TASK ITEM:
Your task is to repeat exactly the lines below between the line holding "Punisher Skull with" and the line holding "Electric car in", inclusive, and only those.

MATERIAL FOR THE TASK:

--------

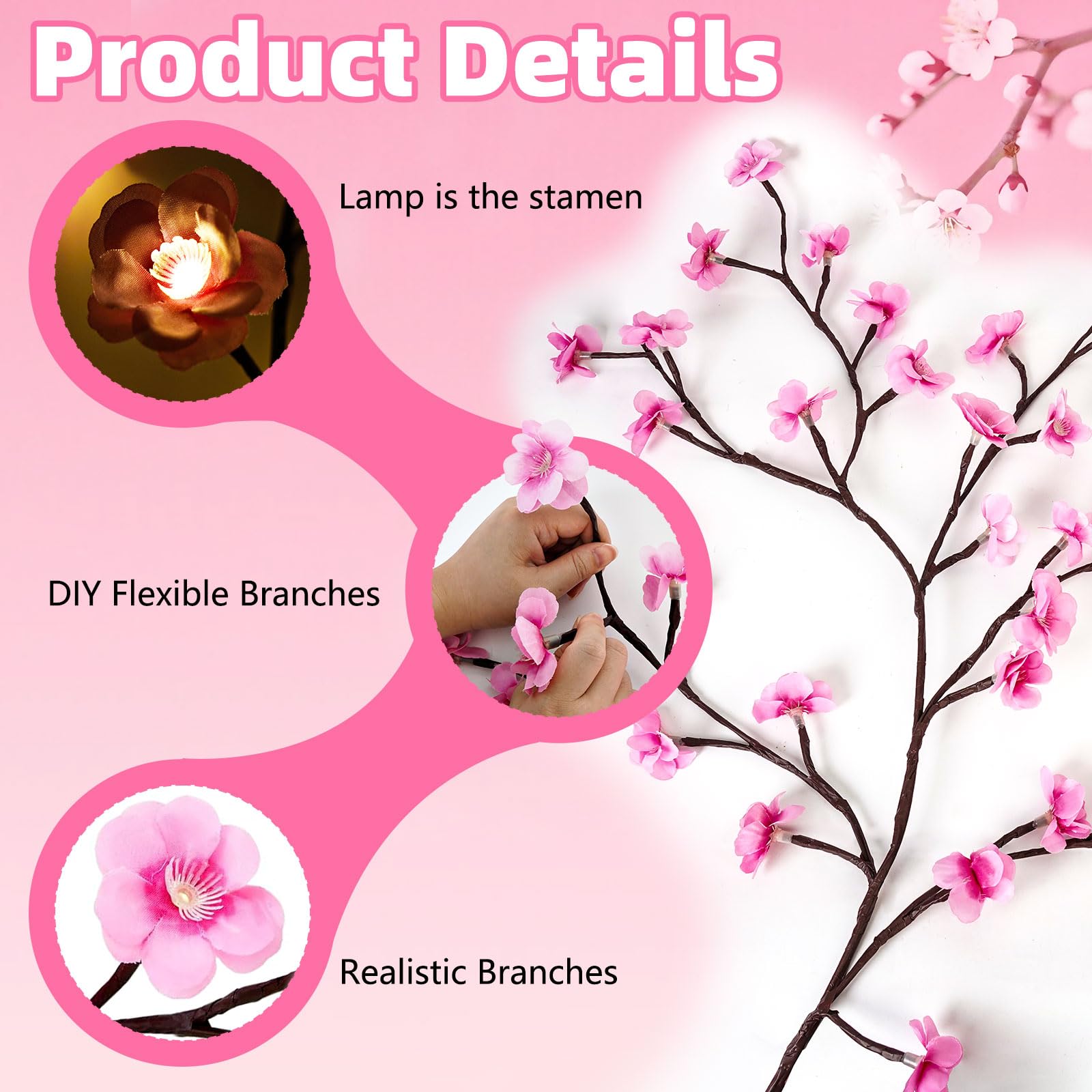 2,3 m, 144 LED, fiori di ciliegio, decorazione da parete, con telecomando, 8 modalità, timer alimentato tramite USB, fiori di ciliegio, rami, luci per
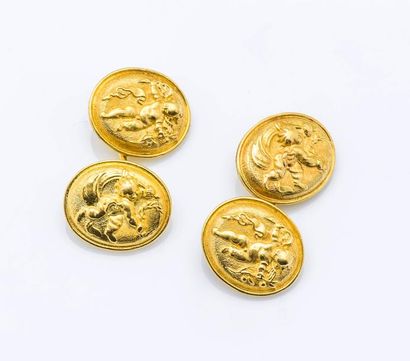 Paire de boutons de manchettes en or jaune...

--------

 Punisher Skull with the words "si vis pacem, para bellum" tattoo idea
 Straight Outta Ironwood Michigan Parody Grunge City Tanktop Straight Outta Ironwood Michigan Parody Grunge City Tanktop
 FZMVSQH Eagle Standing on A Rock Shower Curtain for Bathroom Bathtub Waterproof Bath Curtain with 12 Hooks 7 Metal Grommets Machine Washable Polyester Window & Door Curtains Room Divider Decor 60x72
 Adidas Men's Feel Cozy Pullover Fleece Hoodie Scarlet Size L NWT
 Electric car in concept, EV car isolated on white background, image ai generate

--------

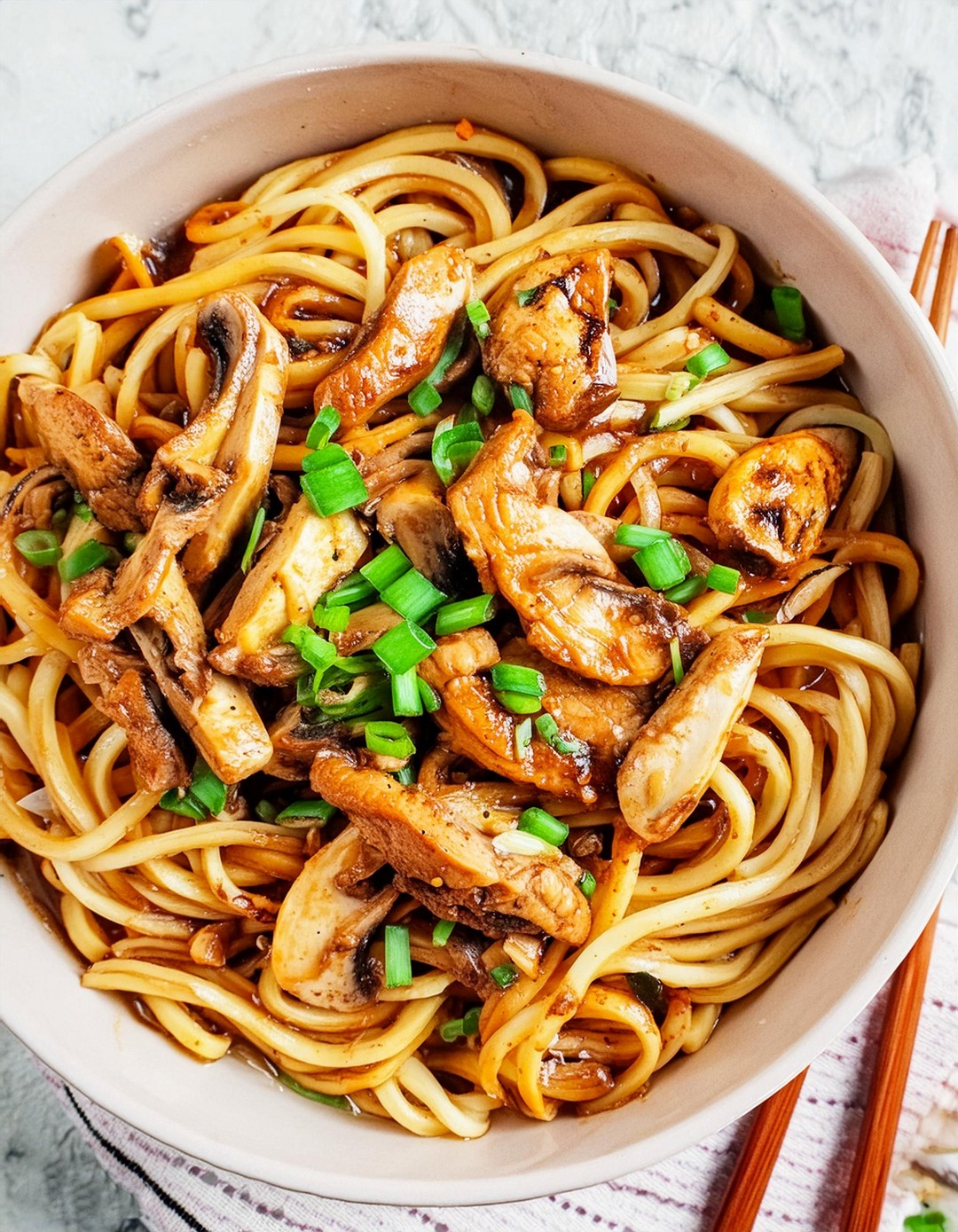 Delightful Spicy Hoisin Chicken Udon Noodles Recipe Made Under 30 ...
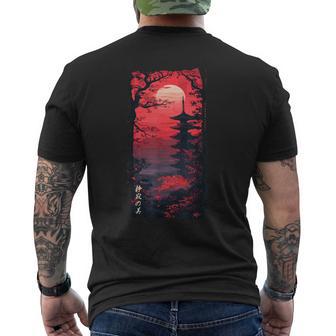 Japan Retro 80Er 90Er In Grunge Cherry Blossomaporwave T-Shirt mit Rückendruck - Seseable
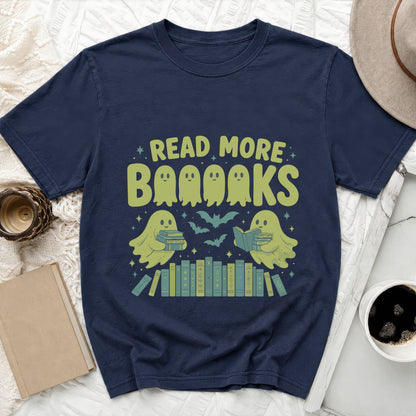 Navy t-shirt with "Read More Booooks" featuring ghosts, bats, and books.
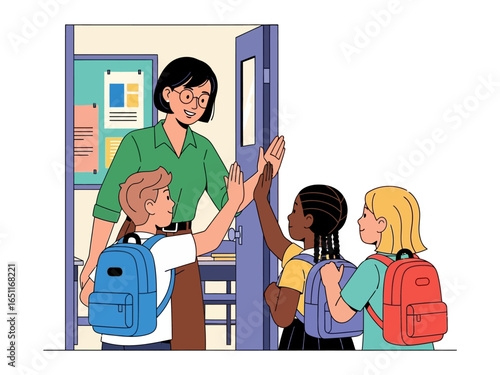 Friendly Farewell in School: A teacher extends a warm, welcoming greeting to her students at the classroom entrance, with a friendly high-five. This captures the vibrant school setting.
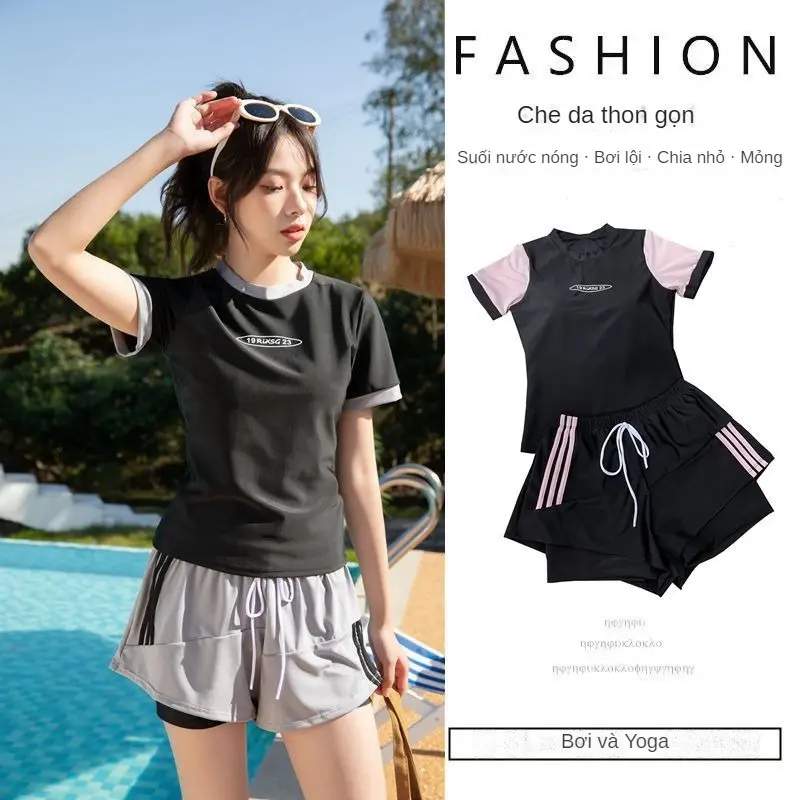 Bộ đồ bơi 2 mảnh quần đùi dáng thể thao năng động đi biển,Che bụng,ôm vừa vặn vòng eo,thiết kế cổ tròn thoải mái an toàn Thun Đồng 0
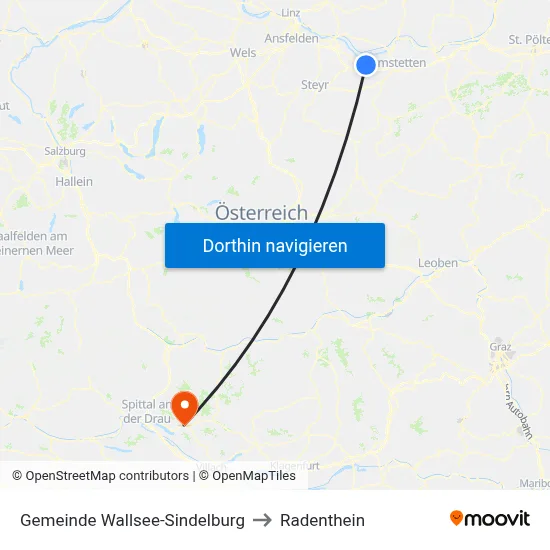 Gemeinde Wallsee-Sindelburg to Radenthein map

--------

SOLUTION FOR THIS PROBLEM:
 Punisher Skull with the words "si vis pacem, para bellum" tattoo idea
 Straight Outta Ironwood Michigan Parody Grunge City Tanktop Straight Outta Ironwood Michigan Parody Grunge City Tanktop
 FZMVSQH Eagle Standing on A Rock Shower Curtain for Bathroom Bathtub Waterproof Bath Curtain with 12 Hooks 7 Metal Grommets Machine Washable Polyester Window & Door Curtains Room Divider Decor 60x72
 Adidas Men's Feel Cozy Pullover Fleece Hoodie Scarlet Size L NWT
 Electric car in concept, EV car isolated on white background, image ai generate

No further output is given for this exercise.